(INFORMATION SHOWN Opens)
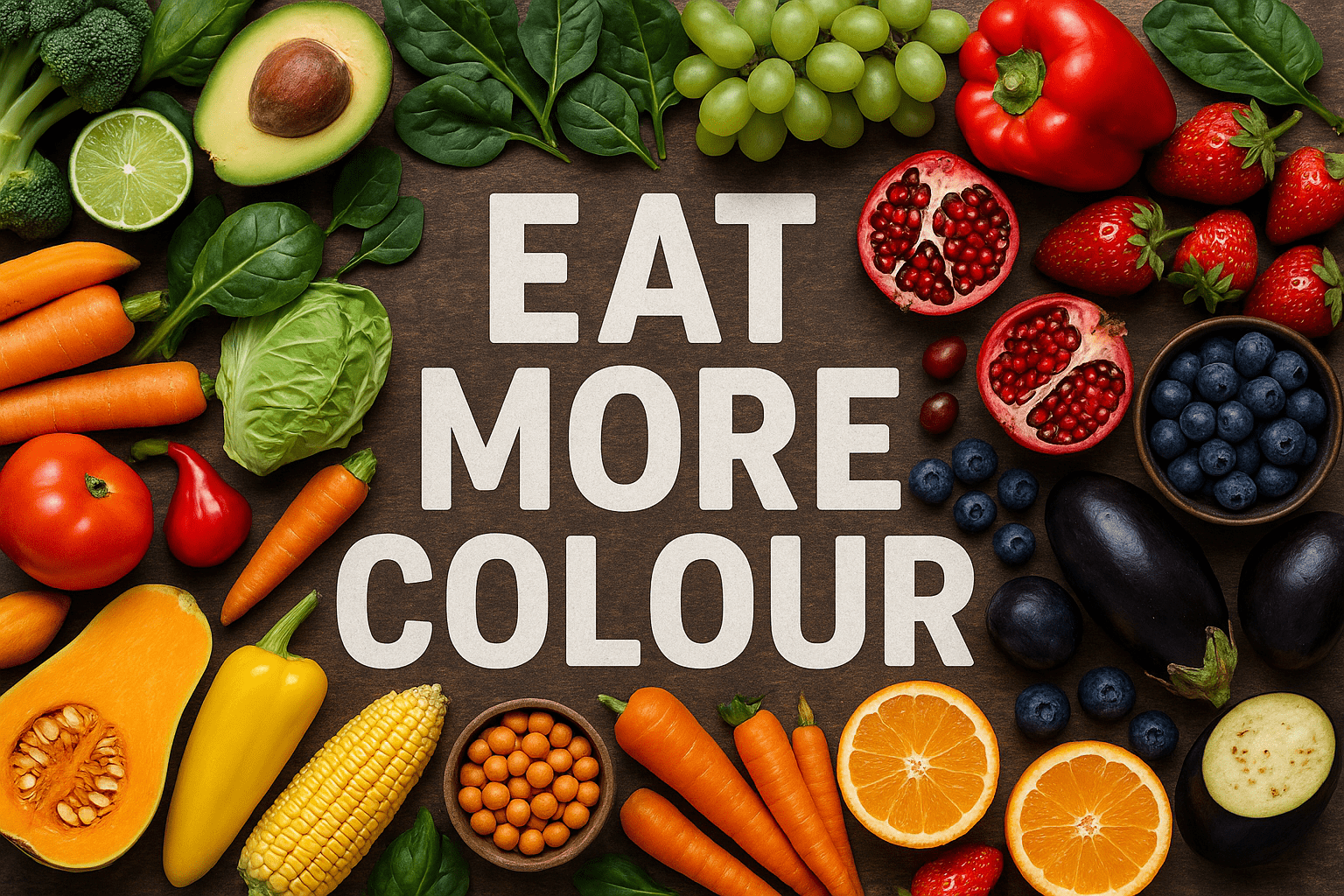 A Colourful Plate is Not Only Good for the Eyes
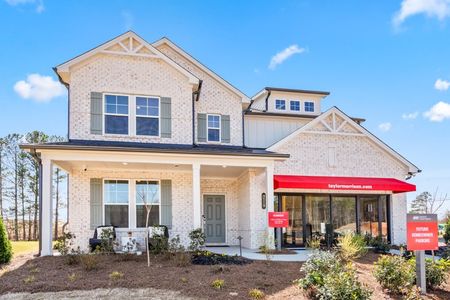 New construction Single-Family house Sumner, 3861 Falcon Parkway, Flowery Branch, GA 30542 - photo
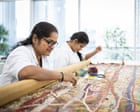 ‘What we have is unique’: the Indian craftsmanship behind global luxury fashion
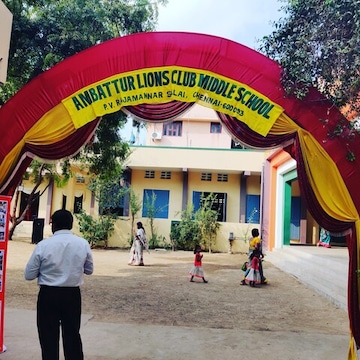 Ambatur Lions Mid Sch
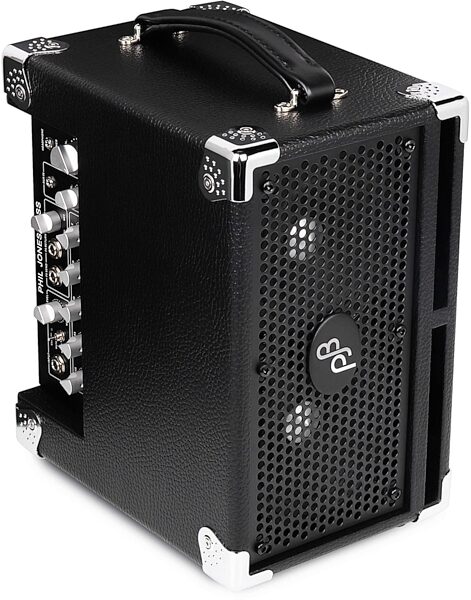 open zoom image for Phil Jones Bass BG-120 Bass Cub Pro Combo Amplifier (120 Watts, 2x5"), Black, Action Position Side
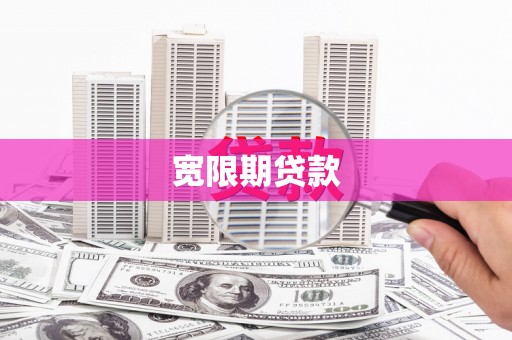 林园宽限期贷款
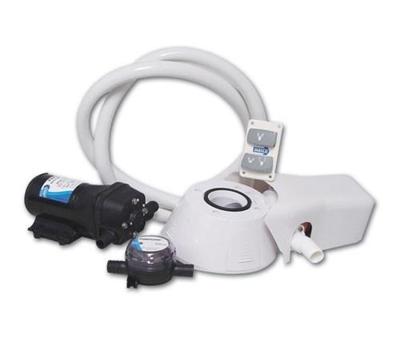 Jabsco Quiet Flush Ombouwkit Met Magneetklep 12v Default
(INFORMATION SHOWN Closes)
(INFORMATION SHOWN Opens)
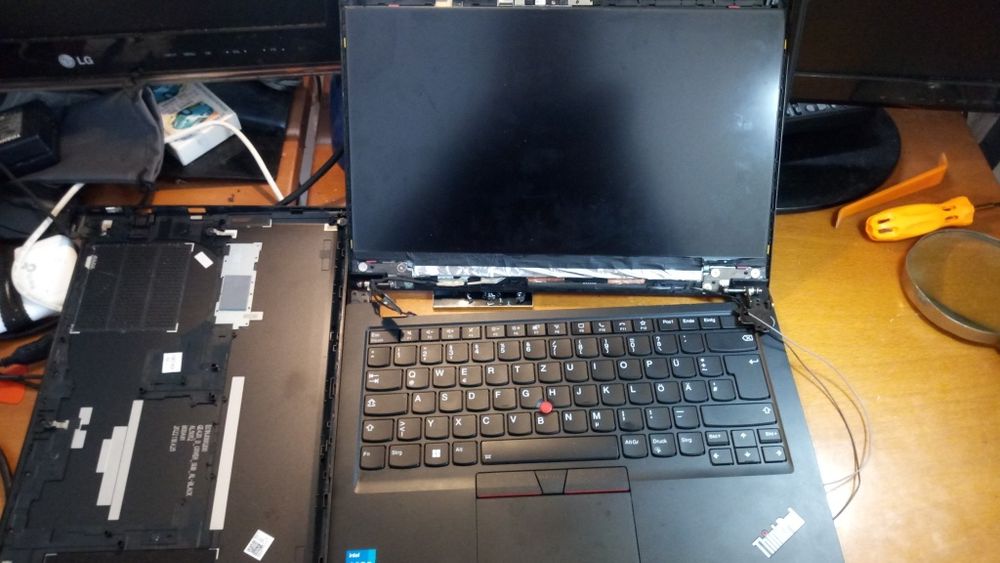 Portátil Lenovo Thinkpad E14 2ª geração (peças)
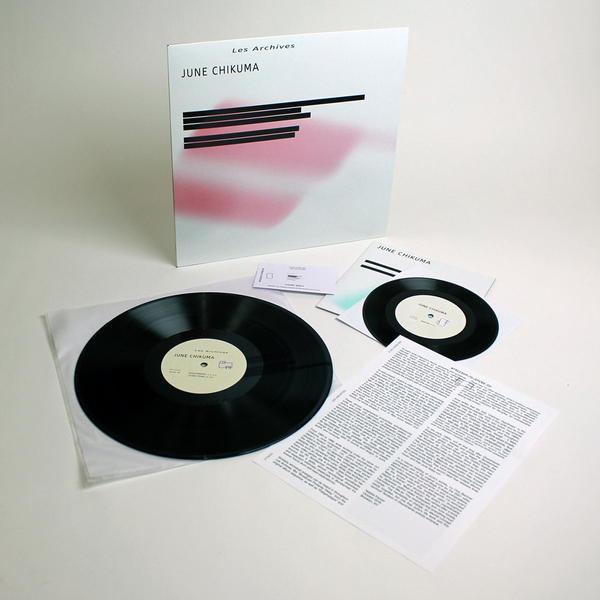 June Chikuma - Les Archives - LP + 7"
(INFORMATION SHOWN Closes)
**PROBLEM DESCRIPTION**
What you return must match, character for character, the lines above from the one with "open zoom image" through the one with "Jabsco Quiet Flush", minus any pictures.

**RESPONSE TO THIS EXERCISE**
 open zoom image for Phil Jones Bass BG-120 Bass Cub Pro Combo Amplifier (120 Watts, 2x5"), Black, Action Position Side
 林园宽限期贷款
 Jabsco Quiet Flush Ombouwkit Met Magneetklep 12v Default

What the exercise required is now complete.